**LISTED ENTRIES:**
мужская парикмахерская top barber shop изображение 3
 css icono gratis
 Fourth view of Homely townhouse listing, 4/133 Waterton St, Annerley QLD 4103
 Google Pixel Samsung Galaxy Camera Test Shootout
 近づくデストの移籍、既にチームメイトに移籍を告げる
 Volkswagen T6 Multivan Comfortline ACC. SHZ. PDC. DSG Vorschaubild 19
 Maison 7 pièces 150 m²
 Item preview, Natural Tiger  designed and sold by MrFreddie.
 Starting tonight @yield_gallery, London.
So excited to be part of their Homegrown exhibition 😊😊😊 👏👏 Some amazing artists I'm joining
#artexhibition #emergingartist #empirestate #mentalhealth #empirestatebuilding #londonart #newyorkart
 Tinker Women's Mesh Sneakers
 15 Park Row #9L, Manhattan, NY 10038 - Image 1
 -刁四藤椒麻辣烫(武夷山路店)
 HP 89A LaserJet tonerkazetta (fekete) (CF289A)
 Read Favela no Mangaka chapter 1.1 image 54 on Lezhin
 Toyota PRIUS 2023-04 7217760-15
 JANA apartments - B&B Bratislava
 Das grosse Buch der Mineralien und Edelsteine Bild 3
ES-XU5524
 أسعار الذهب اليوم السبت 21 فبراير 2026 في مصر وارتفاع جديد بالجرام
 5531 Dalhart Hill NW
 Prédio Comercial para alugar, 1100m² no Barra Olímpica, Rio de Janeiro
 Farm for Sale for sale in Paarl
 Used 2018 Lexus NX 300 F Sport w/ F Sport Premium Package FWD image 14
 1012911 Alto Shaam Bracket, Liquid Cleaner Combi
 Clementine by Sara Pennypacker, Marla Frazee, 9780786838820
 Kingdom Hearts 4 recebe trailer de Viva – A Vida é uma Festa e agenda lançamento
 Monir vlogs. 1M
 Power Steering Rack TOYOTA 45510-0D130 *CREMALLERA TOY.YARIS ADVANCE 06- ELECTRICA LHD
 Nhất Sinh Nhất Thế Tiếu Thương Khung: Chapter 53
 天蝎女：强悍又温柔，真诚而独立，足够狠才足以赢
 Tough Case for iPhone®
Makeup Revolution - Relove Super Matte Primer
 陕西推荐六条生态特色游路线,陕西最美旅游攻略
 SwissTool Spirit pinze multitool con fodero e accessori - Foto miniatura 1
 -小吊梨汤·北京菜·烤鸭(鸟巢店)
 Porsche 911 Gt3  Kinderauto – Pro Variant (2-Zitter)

**TASK GOAL:**
From the line containing "Makeup Revolution - Relove Super Matte Primer" through the closing line of the material above, return every line exactly and omit all others.

**FINAL ANSWER:**
Makeup Revolution - Relove Super Matte Primer
 陕西推荐六条生态特色游路线,陕西最美旅游攻略
 SwissTool Spirit pinze multitool con fodero e accessori - Foto miniatura 1
 -小吊梨汤·北京菜·烤鸭(鸟巢店)
 Porsche 911 Gt3  Kinderauto – Pro Variant (2-Zitter)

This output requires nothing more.